Total knee arthroplasty: posterior tibial slope influences the size but not the rotational alignment of the tibial component. Knee Surg Sports Traumatol Arthrosc 28, 3899–3905 (2020).

Total knee arthroplasty: posterior tibial slope influences the size but not the rotational alignment of the tibial component

Ismailidis, P., Kremo, V., Mündermann, A. et al.
Knee

Purpose

The reasons leading to rotational tibial malalignment in total knee arthroplasties (TKAs) remain unclear. A previous cadaver study has shown an increase in internal rotation of the anatomical tibial axis (ATA) after the tibial cut. This study investigates the influence of tibial slope on the ATA and the size of the resected tibial surface.

Methods

CT scans of 20 cadaver knees were orientated in a standardized coordinate system and used to determine the position of the centres of rotation of the medial and lateral tibial articular surfaces and, hence, of the ATA, after a virtual resection of 6 mm with 0°, 3.5°, 7° and 10° slope, respectively.

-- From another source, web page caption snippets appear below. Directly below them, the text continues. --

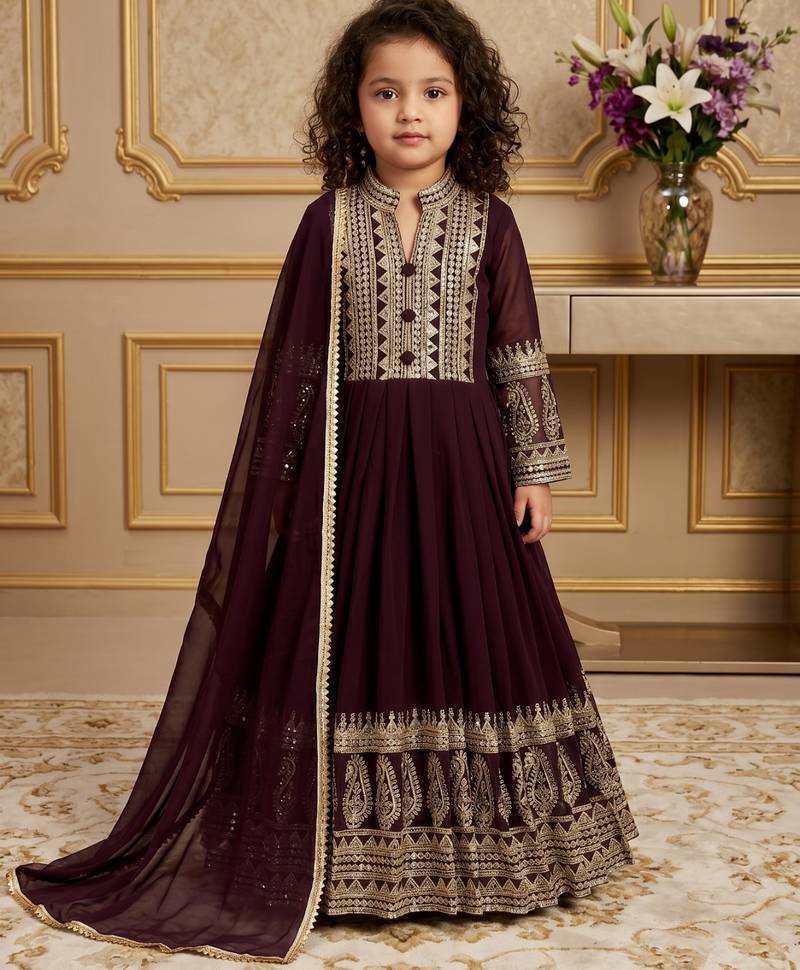 wine heavy fox georgette gown set with embroidery sequence work with fancy button with latkan dori - designer party wear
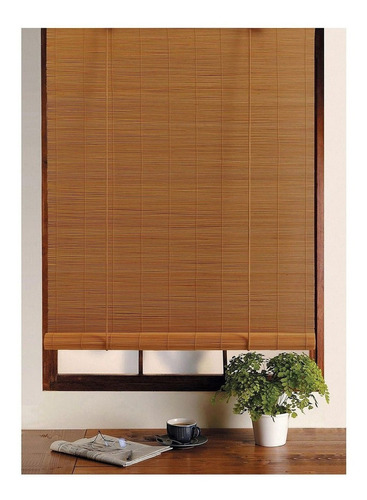 Persiana Enrollable 80x165 Cm Bambú Cedro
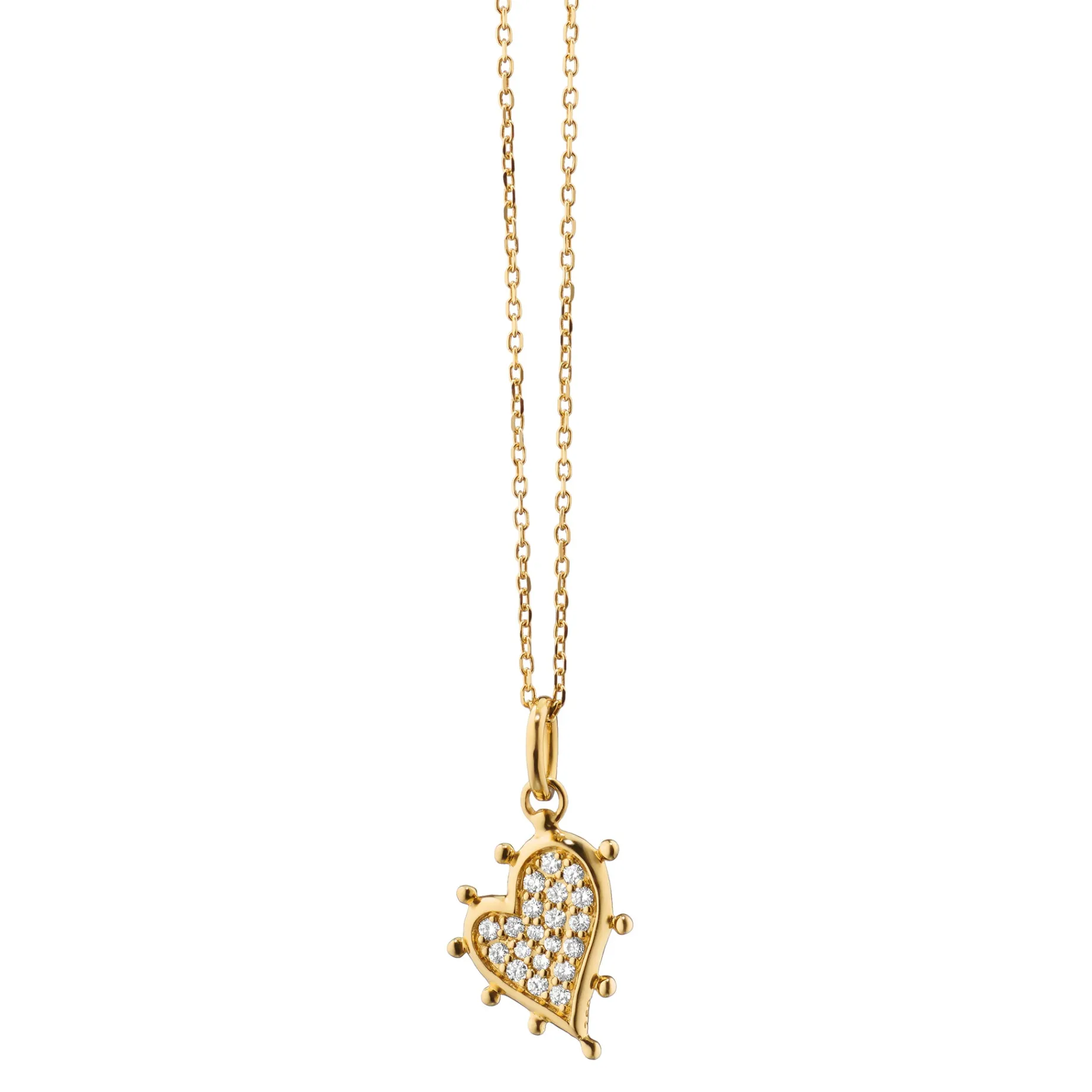 Petite Pave Diamond Heart Necklace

Furthermore, at each slope, the radii of the medial and lateral tibial articular surfaces after resection were calculated.

Results

Compared to resection of 6 mm with 0° slope, a slope of 3.5° resulted in a mean external rotation of the ATA of 0.9° (SD, 1.5°; P = 0.025). A slope of 7° resulted in a mean external rotation of the ATA of 1.0° (SD 2.0°; P = 0.030) and a slope of 10° had no influence on the rotation of the ATA. The radii of the medial and lateral articular surfaces of the cut tibiae were larger than those of the uncut tibia (P < 0.001).

Conclusion

Differences in the posterior tibial slope should not contribute to a rotational malalignment when using the ATA to align the prosthetic tibial plateau. Although statistically significant, the change in ATA with increasing slope was negligible.